Logotype for SLB N.V.

SLB (SLB) Q4 2025 earnings summary

Event summary combining transcript, slides, and related documents.

Logotype for SLB N.V.

Q4 2025 earnings summary

1 Feb, 2026

Executive summary

  • Q4 revenue reached $9.75 billion, up 9% sequentially, with all geographies showing sequential growth for the first time since Q2 2024, driven by Production Systems, Digital, and Reservoir Performance.

  • Digital and Production Systems divisions led growth, with digital annual recurring revenue surpassing $1 billion, up 15% year-over-year, and Data Center Solutions revenue up 121% year-over-year.

  • The acquisition of ChampionX contributed $1.46 billion in 2025 and $300 million to Q4 revenue, with accretive margins, especially in Production Systems.

  • Strategy focuses on production recovery, digital, and data center solutions as key growth drivers.

  • Full-year 2025 revenue was $35.71 billion, down 2% year-over-year, reflecting industry headwinds such as lower commodity prices and reduced upstream spending.

Financial highlights

  • Q4 adjusted EPS was $0.78, up $0.09 sequentially but down $0.14 year-over-year; GAAP EPS was $0.55, up 10% sequentially, down 29% year-over-year.

  • Q4 adjusted EBITDA was $2.33 billion (up 13% sequentially, down 2% year-over-year); margin was 23.9%, up 83 bps sequentially, down 175 bps year-over-year.

  • Q4 operating cash flow was $3.01 billion; free cash flow was $2.29 billion.
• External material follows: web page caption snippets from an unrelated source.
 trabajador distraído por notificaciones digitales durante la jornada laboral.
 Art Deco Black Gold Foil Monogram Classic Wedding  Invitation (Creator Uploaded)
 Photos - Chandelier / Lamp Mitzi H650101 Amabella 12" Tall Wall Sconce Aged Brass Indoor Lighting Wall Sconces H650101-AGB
Full-year free cash flow was $4.11 billion.

  • Net debt reduced by $1.8 billion in Q4, ending at $7.4 billion at year-end 2025.
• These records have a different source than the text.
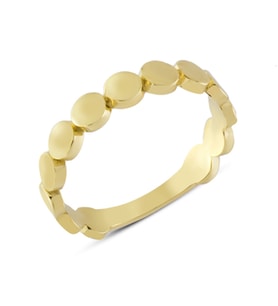14 Ayar Altın Taşsız Yuvarlak Desen Yüzük YZK329 (Çok Renkli)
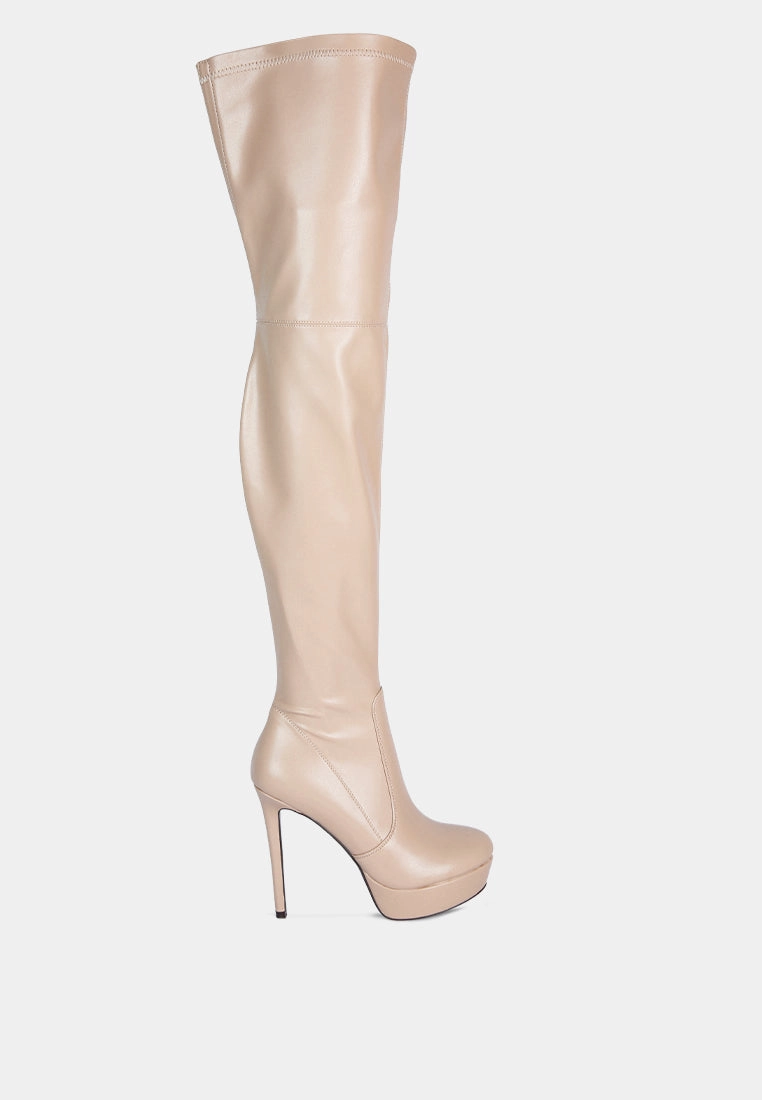 marvelettes faux leather high heeled long boots Promo on Womens Fashionable Boots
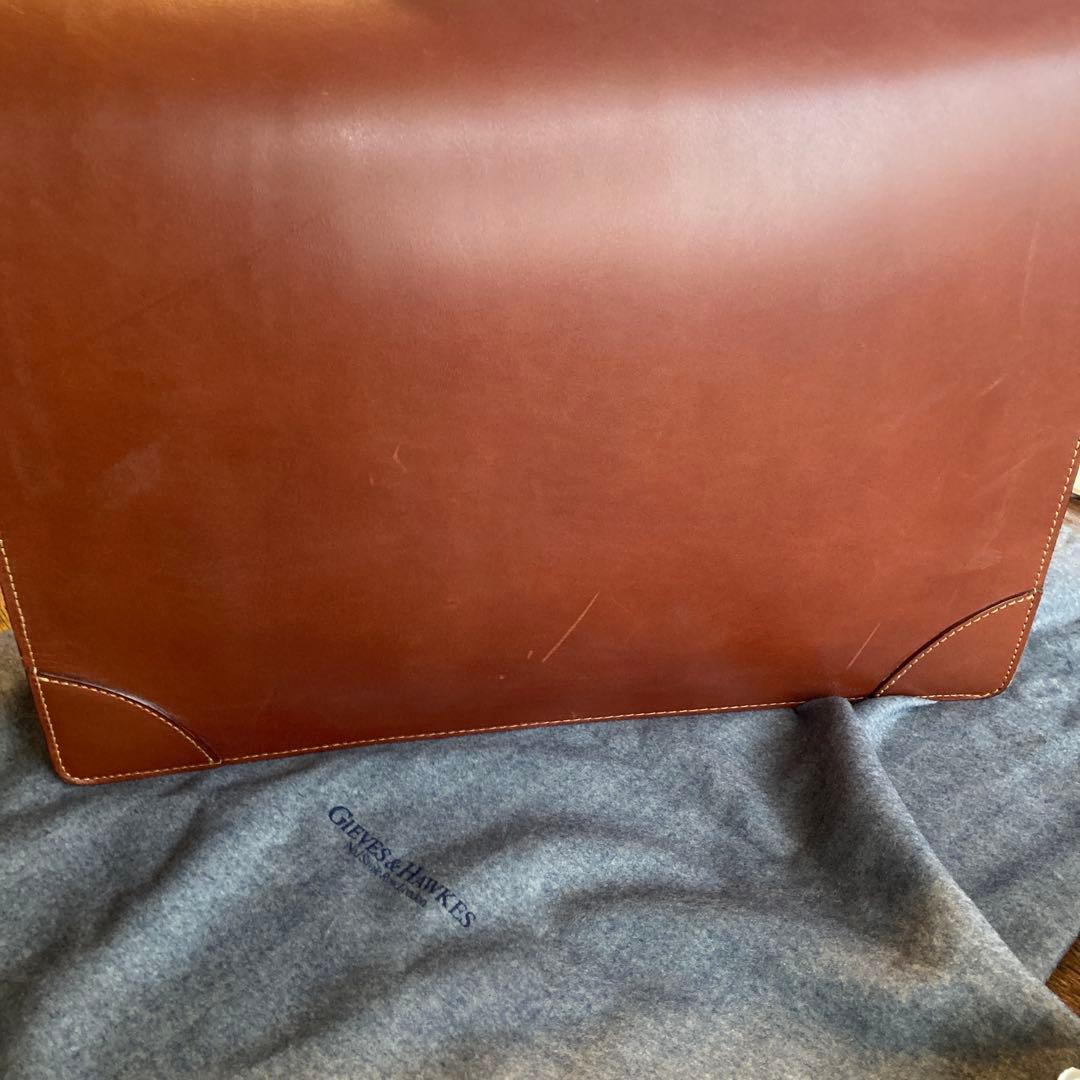 GIEVES & HAWKES ブラウンレザー ブリーフケース　GLAY布袋付き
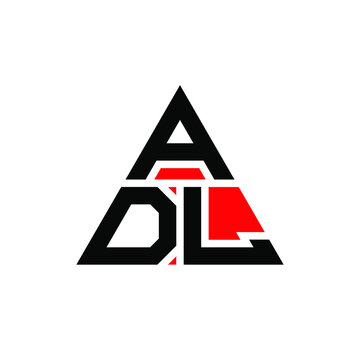 ADL triangle letter logo design with triangle shape. ADL triangle logo design monogram. ADL triangle vector logo template with red color. ADL triangular logo Simple, Elegant, and Luxurious Logo. ADL 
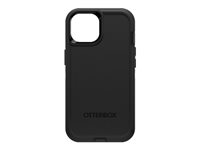 OtterBox Defender Series - Baksidesskydd för mobiltelefon - robust - MagSafe-kompatibilitet - polykarbonat, syntetiskt gummi, 50 % återvunnen plast - svart - för Apple iPhone 14 77-88376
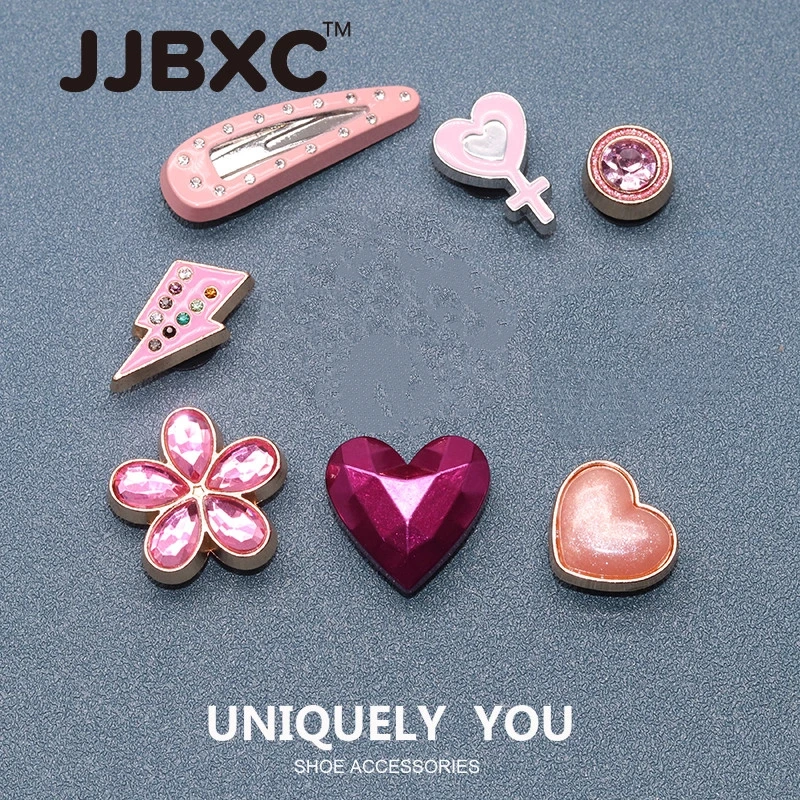 JJBXC CHARM Shoe Buckle Shoe Accessories Metal Pink Barbie DIY Fashion Shoes Accessories Suitable for cross Shoes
  • Board approved a 3.5% increase in quarterly dividend to $0.295 per share.

Outlook and guidance

  • 2026 revenue expected between $36.9–$37.7 billion, assuming oil prices in the high $50s to low $60s.

  • Adjusted EBITDA guidance for 2026 is $8.6–$9.1 billion, with margins in line with 2025.

  • Over $4 billion to be returned to shareholders in 2026 via increased dividends and share repurchases.

  • Q1 2026 revenue expected to decline high single digits sequentially due to seasonality, with a rebound in Q2 and further expansion in H2, led by international markets.

  • Capital investment for 2026 is guided at $2.5 billion, with capital intensity at the low end of the 5–7% of revenue range.